Word for word, transcribe every line from the one holding "Landscaped backyard with" through the end of the records, but not the pictures.

Scraped caption text data:
☆ ☆ ☆ ☆ ☆

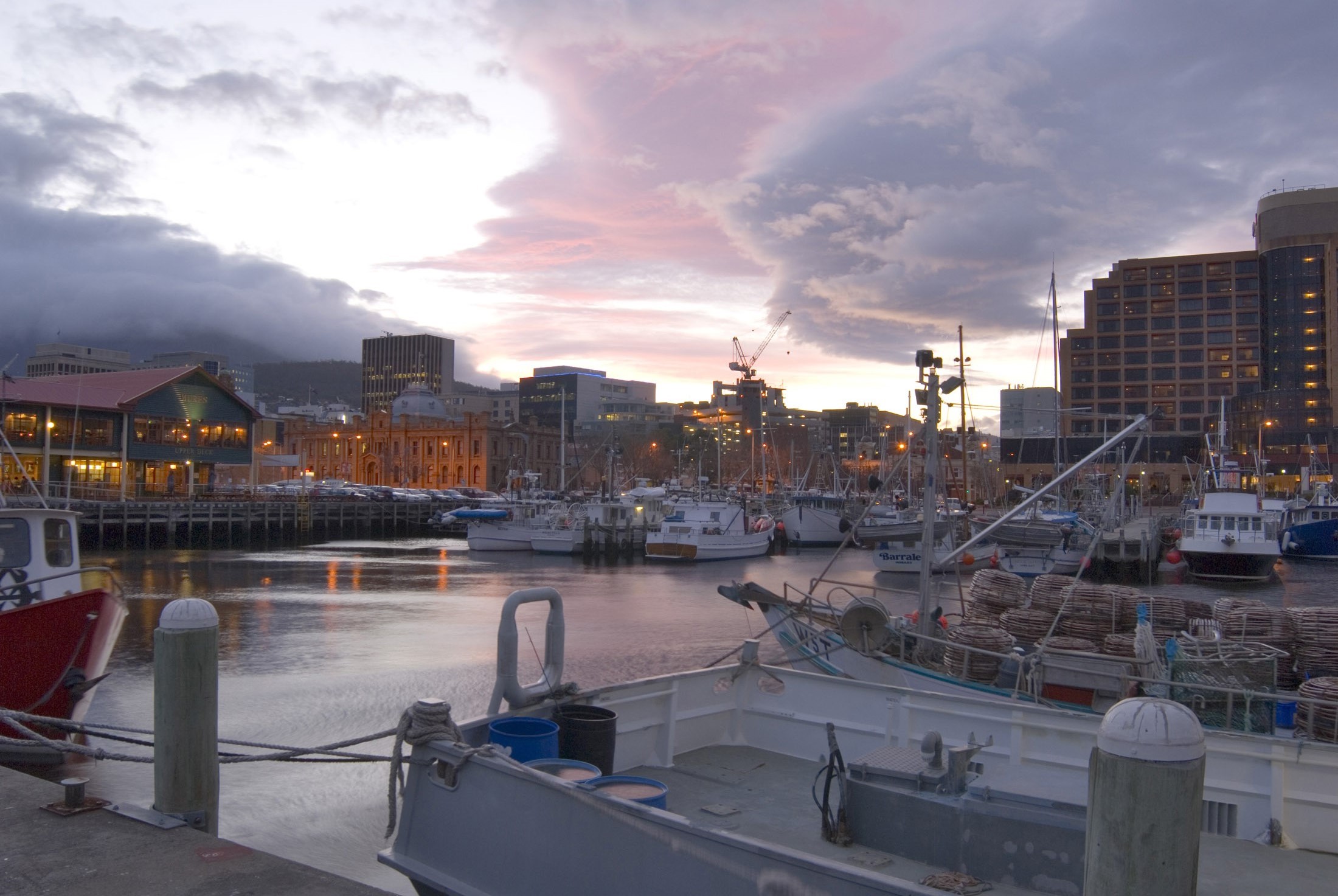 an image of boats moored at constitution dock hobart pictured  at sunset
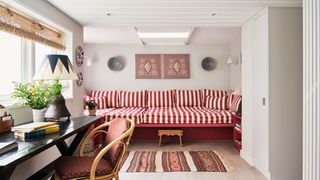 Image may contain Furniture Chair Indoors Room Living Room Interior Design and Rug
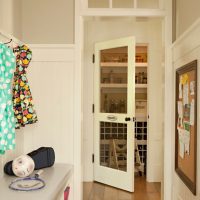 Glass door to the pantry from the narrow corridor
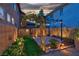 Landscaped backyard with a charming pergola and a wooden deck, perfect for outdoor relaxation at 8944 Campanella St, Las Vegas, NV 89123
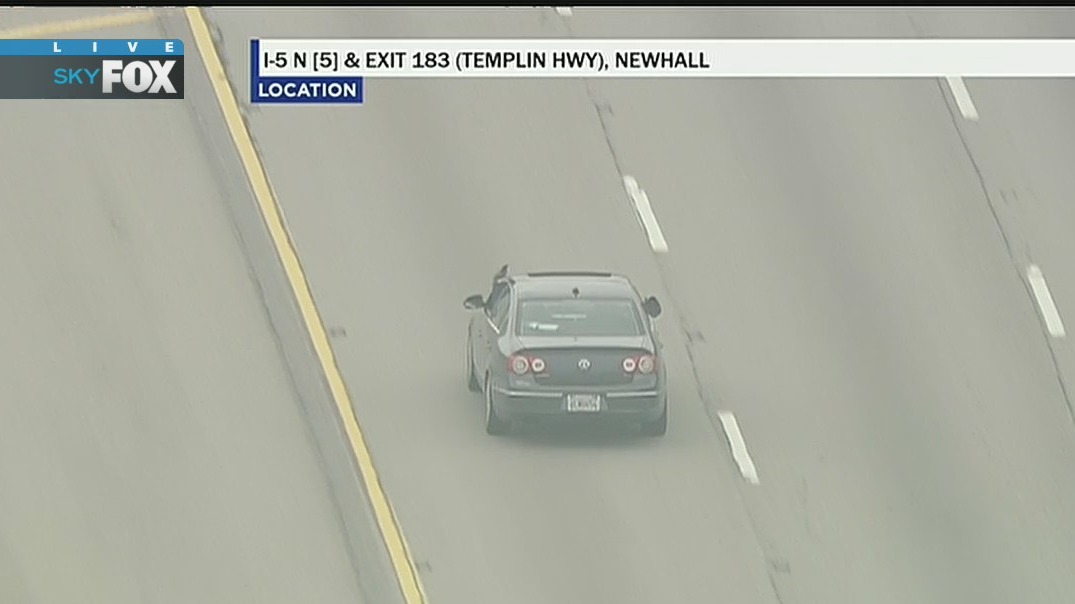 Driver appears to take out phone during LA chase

☆ ☆ ☆ ☆ ☆

> **RESULT OF THIS EXERCISE**:
 Landscaped backyard with a charming pergola and a wooden deck, perfect for outdoor relaxation at 8944 Campanella St, Las Vegas, NV 89123
 Driver appears to take out phone during LA chase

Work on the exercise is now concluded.